When a user hits our search, we do a call to Algolia without any filtering, to retrieve all available facets (‘hierarchicalCategories.lvl1’) as you can see in our code above. In the response from Algolia, this is displayed as:

{
	"facets" : {
		"hierarchicalCategories.lvl1" : {
			"The first facet": 11437,
			"The second facet": 9489,
			"The third facet": 9438,
			"The fourth facet": 8925,
			"The fifth facet": 8372,
			(...)
		}
	}
}

I understand that the numbers/hits in this response might be approximate, and that’s fine. But when I count the actual number of different hierarchicalCategories.lvl1, this number seems to differ as shown in my previous post. I would expect that the facets which I can choose from is always the same. So the number represented in my code above (Number of facet values: X) are the number of unique facets in a response. Not a representation of the counts for each facet.

So if the unique facets I can choose from is also subject to approximation, how can I safely retrieve an exhaustive list of all available facets? I have already asked a question about this before in Searching through Algolia hierarchically with version filters.

Kind regards,
Arjen

Did you try using facets="*" in a search query, as proposed in the facets documentation ?

Also, if you’re using distinct, you could try using the facetingAfterDistinct parameter.

Dear Adrien,

When I try the “facets='*'” option, I do not see any changes in the behaviour.

When using the facetingAfterDistinct: true parameter, the results do look more promising, but still too much variance.

Number of facet values: 238
Number of facet values: 237
Number of facet values: 238
Number of facet values: 237
Number of facet values: 238
Number of facet values: 237
(3) Number of facet values: 238
Number of facet values: 237
(4) Number of facet values: 238
Number of facet values: 237
(4) Number of facet values: 238
Number of facet values: 157
(3) Number of facet values: 238
Number of facet values: 237
(7) Number of facet values: 238
Number of facet values: 219
Number of facet values: 237
(60) Number of facet values: 238
Number of facet values: 161
Number of facet values: 238

As you can see, the number of unique facets is more stable around 237/238, but we still see outliers which are way too far off.
When I use a combination of your proposed solutions, I get about the same response as the one above.

Again, this variance only occurs when using a Secured API key with a filter, but not for the regular Search API key.

Is there anything else you can suggest we can use to use a Secured (filtered) API key and to reliably retrieve a list of all available facets?

Kind regards,
Arjen

Thanks for having tried these solutions and shared your results!

Let me ask a few people about that and get back to you!

1 Like

Hi again,

After investigating with colleagues, my conclusion is that the Algolia API was optimised for speed, relevance and user experience for most regular search use cases, and sometimes this comes at the cost of exhaustiveness.

Even though it will not be always the case, the search engine will sometimes be able to be exhaustive when returning facets despite time constraints.

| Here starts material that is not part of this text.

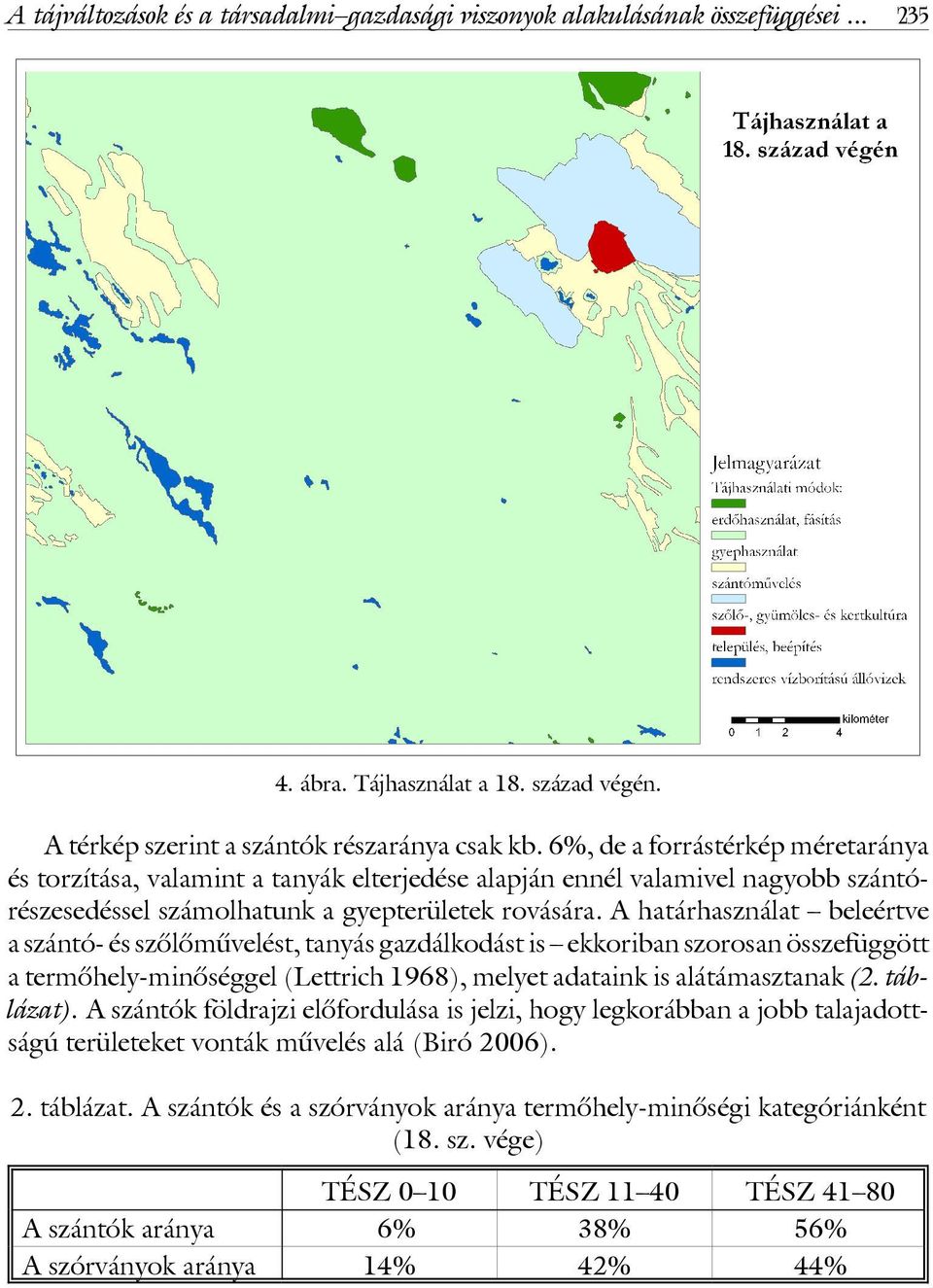 A határhasználat beleértve a szántó- és szôlômûvelést, tanyás gazdálkodást is ekkoriban szorosan összefüggött a termôhely-minôséggel (Lettrich 1968), melyet adataink is alátámasztanak (2. táblázat).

In that case, the exhaustiveFacetCounts property will be returned with search results.

If the counts are exhaustive, a fortiori the list of keys will be exhaustive too.

If you never get that property, our advice is to make queries that are less heavy to run on the search engine.

Does that help?

This is a major disappointment for us.

I get that trade-offs need to be made between completion and speed; that the hit number are approximated would be fine; that level-0 facets are missing in their entirety is not acceptable.
We assumed that Algolia was an enterprise ready application, we we’re evidently wrong.

We will be rewriting our application so that it is less dependent on Algolia reliably returning results.

I’m sorry to read your disappointment, Bas…

I would just like to mention that it is possible to optimise for this kind of uses cases, but we can only do it for Business and Enterprise customers (i.e. not for Essential accounts), because it requires to have their search engine running on a dedicated cluster.

Feel free to contact us if you would like to get more information about our plans!

At this time, I have no interest in quadrupling our costs to fix a (perceived) bug.